My client asked me to describe the team of people I would select for a big data project. There was only one IT person on the project. When I was done, I dropped the other shoe.
“The team should report to the CEO, not the CIO.”
I know that flies in the face of what you will see if you go looking on the internet. There is a reason for my opinion. CIOs who possess the vision to know what the company needs are as rare as purple squirrels. Admittedly, that statement is based on my observations, not on empirical evidence.
Cream rises to the top. The best CIOs are right there with the CEO, participating in the effort to create vision. However, there can only be so many best players. Applying the cream to milk ratio of 1 pint per gallon (1:16, or 6.25%), only 6 percent of companies have a top-shelf CIO. While I am sure that Amazon, HP, Dell, ExxonMobil, and the like have superior CIOs working for them, there are a whole lot more companies that just do not have that kind of talent.
Still, even with an above-average CIO, you have to wonder who is advising the CIO? Using another broad brush to paint the picture, consider a behavior that appears in many enterprises. Where do executives learn about their own area of specialization? They go to school, and work their way up the silo of their profession. They may jump companies on their way up, either jumping to a better gig or landing somewhere after exfoliation from their last job.

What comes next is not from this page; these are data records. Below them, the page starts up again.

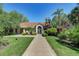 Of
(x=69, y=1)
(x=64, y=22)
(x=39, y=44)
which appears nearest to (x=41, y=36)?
→ (x=39, y=44)

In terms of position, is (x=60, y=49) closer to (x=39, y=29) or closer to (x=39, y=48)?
(x=39, y=48)

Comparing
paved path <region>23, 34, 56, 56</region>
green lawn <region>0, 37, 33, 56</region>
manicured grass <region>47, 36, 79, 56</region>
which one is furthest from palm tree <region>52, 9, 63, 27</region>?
green lawn <region>0, 37, 33, 56</region>

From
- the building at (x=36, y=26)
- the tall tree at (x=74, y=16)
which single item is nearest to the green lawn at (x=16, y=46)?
the building at (x=36, y=26)

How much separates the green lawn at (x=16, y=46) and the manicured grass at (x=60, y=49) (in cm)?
62

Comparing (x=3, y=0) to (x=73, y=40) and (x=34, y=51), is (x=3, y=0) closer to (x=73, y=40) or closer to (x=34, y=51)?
(x=34, y=51)

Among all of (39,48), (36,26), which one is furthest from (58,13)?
(39,48)

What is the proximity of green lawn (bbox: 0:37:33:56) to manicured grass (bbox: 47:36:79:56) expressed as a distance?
0.62 meters

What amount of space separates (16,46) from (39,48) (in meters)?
0.67

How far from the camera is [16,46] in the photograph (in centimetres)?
707

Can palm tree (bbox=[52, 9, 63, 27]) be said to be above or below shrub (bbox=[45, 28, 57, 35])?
above

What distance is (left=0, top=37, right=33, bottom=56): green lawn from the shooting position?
6.71 metres

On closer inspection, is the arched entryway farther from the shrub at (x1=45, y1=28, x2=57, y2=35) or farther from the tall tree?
the tall tree

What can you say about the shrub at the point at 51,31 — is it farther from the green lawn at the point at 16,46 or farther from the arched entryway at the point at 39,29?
the green lawn at the point at 16,46

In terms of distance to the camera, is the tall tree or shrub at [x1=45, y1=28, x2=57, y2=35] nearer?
the tall tree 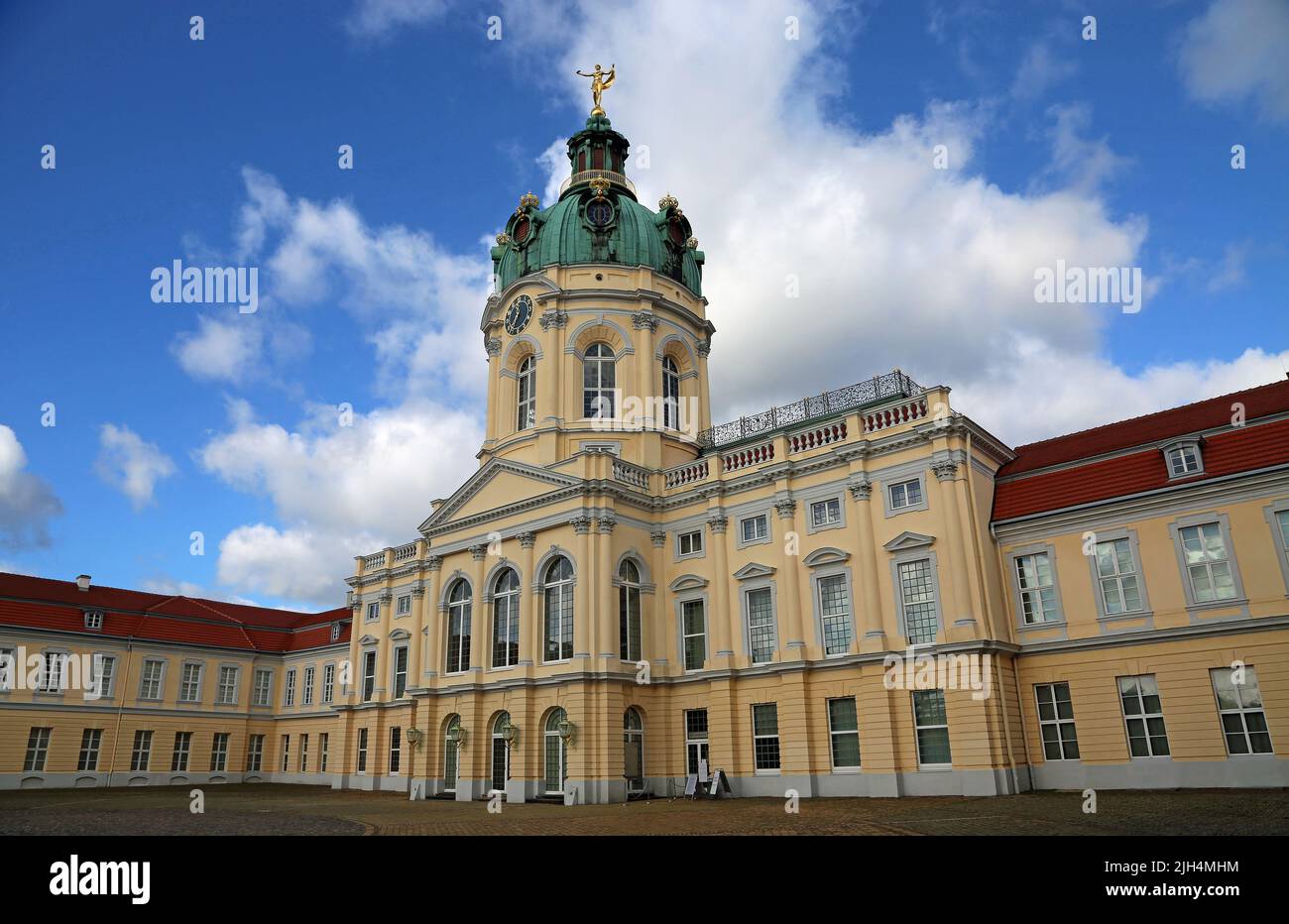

There is the fairy tale about really great companies that rotate executives through different divisions, different tasks, and different roles in order for them to learn about other parts of the company. We hear that story about the CEOs of companies like Xerox, GE, and other huge global corporations. We also hear the same story on the opposite end of the company-size spectrum, the family-owned SMB where the younger generation worked in the warehouse, drove a truck, or made sales calls as they grew up and went to college, and they are now in line to assume the mantle of the family legacy. Still, when we hear these stories we must keep the cream to milk ratio of 1:16 in mind. I think the frequency with which the story is told is much greater than the actual number of cases.
Do I sound cynical? Yup. Guilty as charged.
My CEO client challenged my cynicism. I rose to the occasion.
“Why am I sitting here with you?”
The room got quiet.
I was there because the CEO asked me to talk to him about big data. The confusing conversations the CEO had been having with the guy who served as the CIO had started the whole process.
“OK, so the team reports to me,” said my client. “What is next?”
The team must decide what data to use. They go on a journey of discovery to find it.
Drucker teaches us that enterprises create wealth. You don’t create wealth by controlling costs; you merely preserve it. Without revenue, the oxygen of business, you are not creating wealth, so the costs do not matter.
Again, Drucker reminds us that the results are outside the box of the company, therefore the team must go find external data to work with, not internal data. The team starts their journey of discovery by asking questions about non-customers and competitors.
These questions frame the search for the right data.
Where is the data? Ask the right questions first, and the questions will lead you to the data.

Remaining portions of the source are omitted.